Fortunately, energy issues will emerge anew as the major global agenda. There is less than one month before the 22nd WEC 2013 will be held in Daegu from Oct. 13 to Oct. 17 under the theme “Securing Tomorrow’s Energy Today.” Roughly 5,000 experts from the energy field, including minister-level government officials from some 100 countries, global energy company CEOs, renowned scholars, and technology experts will descend on Korea to shed insights into new solutions for energy issues.
Korea, the host of the WEC 2013, has spared no efforts to make the global event a success. More than 3,440 people from 103 countries, including major energy company CEOs, energy experts, and ranking government officials have already signed up to participate. It is an unprecedented move for large numbers of representatives from China, Japan, and Southeast Asian countries to participate. The world’s eyes and expectations are on whether Asian countries, whose influence is growing as they become the world’s biggest consumers, will raise their voices.

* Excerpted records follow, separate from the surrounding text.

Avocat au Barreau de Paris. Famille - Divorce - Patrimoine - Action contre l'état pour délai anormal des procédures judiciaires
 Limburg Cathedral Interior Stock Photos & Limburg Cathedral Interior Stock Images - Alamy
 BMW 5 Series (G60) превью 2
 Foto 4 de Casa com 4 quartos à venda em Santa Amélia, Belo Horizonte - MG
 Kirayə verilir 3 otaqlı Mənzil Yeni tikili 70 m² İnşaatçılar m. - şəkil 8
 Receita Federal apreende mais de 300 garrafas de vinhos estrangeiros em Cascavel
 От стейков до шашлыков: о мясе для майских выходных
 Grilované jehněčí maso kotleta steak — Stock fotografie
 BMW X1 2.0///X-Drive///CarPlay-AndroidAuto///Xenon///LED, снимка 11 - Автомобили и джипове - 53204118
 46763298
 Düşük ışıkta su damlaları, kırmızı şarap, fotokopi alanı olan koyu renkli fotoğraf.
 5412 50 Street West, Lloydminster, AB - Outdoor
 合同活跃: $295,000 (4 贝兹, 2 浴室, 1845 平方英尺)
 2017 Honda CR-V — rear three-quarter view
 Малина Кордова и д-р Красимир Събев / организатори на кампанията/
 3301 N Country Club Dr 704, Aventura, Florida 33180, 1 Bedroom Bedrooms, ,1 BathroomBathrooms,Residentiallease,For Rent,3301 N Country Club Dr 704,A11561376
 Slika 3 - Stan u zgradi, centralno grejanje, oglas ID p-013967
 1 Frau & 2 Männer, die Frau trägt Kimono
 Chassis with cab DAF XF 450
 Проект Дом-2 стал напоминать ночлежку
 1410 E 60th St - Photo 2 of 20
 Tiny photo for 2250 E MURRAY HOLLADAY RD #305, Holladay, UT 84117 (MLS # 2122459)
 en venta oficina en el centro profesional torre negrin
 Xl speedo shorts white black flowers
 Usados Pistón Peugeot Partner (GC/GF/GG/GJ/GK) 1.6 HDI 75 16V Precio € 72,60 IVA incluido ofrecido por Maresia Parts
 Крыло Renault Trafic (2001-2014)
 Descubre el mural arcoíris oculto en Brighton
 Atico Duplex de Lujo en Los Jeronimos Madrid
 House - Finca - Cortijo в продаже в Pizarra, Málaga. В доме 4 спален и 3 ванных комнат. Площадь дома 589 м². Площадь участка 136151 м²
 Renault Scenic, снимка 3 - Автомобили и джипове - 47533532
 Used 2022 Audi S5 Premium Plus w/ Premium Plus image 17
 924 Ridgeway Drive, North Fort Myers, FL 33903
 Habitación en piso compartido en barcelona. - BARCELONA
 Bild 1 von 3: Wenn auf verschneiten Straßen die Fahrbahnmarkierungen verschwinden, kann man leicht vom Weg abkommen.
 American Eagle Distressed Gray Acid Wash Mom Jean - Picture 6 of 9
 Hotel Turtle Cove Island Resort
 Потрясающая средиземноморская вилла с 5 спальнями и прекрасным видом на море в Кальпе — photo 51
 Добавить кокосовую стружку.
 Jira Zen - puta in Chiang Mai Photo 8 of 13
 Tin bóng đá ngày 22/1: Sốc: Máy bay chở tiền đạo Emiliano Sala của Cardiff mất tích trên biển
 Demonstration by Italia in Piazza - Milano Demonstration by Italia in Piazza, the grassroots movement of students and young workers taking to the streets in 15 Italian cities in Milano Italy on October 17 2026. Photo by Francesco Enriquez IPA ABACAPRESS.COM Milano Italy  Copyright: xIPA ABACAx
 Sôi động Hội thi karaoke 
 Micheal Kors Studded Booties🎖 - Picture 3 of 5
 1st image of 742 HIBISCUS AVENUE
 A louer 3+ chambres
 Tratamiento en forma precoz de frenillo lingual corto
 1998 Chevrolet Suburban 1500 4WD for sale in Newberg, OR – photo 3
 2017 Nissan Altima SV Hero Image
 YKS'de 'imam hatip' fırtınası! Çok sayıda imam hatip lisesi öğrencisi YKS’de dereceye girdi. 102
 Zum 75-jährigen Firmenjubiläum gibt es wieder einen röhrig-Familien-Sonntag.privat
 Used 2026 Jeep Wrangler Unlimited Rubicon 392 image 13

So far, 238 of the most influential figures from 65 countries have been confirmed as speakers, comprising 44 energy ministers of governments and CEOs of such companies as Royal Dutch Shell, Saudi Aramco, State Grid Corporation of China (SGCC), PEMEX, GDF Suez of France, EDF, Gazprom of Russia, Exxon Mobil, GE, and Siemens. The WEC is a rare gathering that brings together ranking officials from each country’s government, academia, business circles, international organizations and other walks of life.
Korea may make the most of the event from the international perspective. We will be able to raise our international standing by playing a leading role in proactively setting major agendas and taking the lead in discussing global issues. The nation will have to make the congress an opportunity to build networks with global company leaders, make joint investments, forge alliances, as well as engage in joint research and technology exchanges.
The WEC 2013 will be a precious opportunity to take a look at policy solutions to global energy issues ranging from energy security facing Korea to energy access and environmental impact issues, get a glimpse into future forecasts of each energy sector, and engage in in-depth discussions in every energy field ranging from fossil fuels and nuclear energy to new and renewable energies, which will have far-reaching influence in political, economic and other segments of society.
The upcoming Congress is hoped to build the groundwork to cope with global energy issues. Korean companies and government will have to make the most of the congress as an opportunity not only to take a look at global energy market trends and future courses, but also to gain an insight into the establishment of its long-term energy policies.